Rust UMI Directional Adjacency Deduplicator
This is beta software, use at your own risk
Rust UMI based PCR deduplication based on the directional adjacency
as UMI-tools but with a constant time hamming distance implementation.
For now this relies on the rust toolchain. There are excellent docs on
how to set that up.
cargo install rumi
$ rumi --help
rumi-dedup 0.1.0
Seth Stadick <sstadick@gmail.com>
Deduplicate reads based on umis
USAGE:
rumi [FLAGS] [OPTIONS] <INBAM> --output <OUTBAM> --umi_tag <umi_tag>
FLAGS:
--group_only Don't deduplicate reads, just group them given them agroup id, and print them. Rules
for filtering out unpaired reads, etc, will still be applied.

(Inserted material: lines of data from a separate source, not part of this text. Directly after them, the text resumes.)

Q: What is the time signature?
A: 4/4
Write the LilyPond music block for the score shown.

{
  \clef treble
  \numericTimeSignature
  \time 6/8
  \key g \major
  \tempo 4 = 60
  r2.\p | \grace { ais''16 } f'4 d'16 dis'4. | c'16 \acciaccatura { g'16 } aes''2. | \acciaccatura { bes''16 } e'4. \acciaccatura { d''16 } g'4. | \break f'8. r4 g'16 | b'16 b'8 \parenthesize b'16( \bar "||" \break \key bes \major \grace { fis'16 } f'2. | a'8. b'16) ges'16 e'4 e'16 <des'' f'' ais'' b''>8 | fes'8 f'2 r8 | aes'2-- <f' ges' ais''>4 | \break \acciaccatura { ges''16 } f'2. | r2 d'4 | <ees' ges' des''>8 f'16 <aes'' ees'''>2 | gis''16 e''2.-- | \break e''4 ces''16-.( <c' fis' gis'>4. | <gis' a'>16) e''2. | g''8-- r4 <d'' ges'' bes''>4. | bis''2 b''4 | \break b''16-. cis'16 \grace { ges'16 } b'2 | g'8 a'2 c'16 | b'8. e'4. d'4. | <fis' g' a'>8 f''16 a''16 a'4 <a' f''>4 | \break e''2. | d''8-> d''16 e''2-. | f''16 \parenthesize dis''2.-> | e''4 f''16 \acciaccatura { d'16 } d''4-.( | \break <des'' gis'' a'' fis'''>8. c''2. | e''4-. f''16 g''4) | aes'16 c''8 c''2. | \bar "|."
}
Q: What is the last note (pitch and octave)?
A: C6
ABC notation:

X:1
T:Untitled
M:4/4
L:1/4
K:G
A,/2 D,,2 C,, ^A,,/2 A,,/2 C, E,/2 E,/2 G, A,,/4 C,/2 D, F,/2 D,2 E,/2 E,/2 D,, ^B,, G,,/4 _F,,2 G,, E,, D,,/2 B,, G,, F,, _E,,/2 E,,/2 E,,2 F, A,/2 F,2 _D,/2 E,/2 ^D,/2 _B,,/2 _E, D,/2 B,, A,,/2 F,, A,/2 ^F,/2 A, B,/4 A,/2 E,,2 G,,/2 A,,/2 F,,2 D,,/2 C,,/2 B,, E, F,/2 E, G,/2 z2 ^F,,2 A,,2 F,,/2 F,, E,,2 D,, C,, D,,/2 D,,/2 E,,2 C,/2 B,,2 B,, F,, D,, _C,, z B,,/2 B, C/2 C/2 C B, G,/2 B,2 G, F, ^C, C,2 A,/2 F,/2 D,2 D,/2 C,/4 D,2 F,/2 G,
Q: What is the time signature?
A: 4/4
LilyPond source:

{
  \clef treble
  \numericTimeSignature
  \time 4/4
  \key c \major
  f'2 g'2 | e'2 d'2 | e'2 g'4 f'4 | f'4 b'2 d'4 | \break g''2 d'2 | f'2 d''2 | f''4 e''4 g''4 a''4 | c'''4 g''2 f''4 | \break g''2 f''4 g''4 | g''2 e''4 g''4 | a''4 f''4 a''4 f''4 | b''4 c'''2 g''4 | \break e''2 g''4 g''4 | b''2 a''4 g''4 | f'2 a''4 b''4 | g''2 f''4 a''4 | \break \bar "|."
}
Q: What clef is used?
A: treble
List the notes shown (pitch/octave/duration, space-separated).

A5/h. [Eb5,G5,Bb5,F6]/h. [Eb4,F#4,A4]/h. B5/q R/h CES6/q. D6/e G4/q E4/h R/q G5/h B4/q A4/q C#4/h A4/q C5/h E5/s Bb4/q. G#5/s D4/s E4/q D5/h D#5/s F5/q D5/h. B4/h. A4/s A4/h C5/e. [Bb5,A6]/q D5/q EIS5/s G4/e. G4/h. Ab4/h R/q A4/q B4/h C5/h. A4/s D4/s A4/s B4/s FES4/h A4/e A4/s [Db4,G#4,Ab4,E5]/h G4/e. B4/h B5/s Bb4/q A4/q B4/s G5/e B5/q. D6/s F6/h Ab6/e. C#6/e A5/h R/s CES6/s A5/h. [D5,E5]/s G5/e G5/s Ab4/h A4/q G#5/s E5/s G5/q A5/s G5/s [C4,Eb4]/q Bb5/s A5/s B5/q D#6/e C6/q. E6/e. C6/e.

-h, --help Prints help information
--ignore_splice_pos If two reads have the same start pos, and contain a splice site, they will be
grouped together, instead of further splitting them based on the
splice site
--is_paired Input is paired end. Read pairs with unmapped read1 will be ignored.
--umi_in_read_id The UMI is located in the read id after the last '_'. Otherwise use the RX tag.
-V, --version Prints version information
OPTIONS:
-o, --output <OUTBAM> Output bam file. Use - if stdout [default: -]
-c, --allowed_count_factor <allowed_count_factor>
The factor to multiply the count of a umi by when determining whether or not to group it with other umis
within allowed_read_dist. include umi_b as adjacent to umi_a if: umi_a.counts >= allowed_count_factor *
umi_b.counts [default: 2]
-n, --allowed_network_depth <allowed_network_depth>
The number of nodes deep to go when creating a group. If allowed_read_dist 1, then allowed_network_depth of
2 will enable getting all umis with hamming distance of 2 from current umi. [default: 2]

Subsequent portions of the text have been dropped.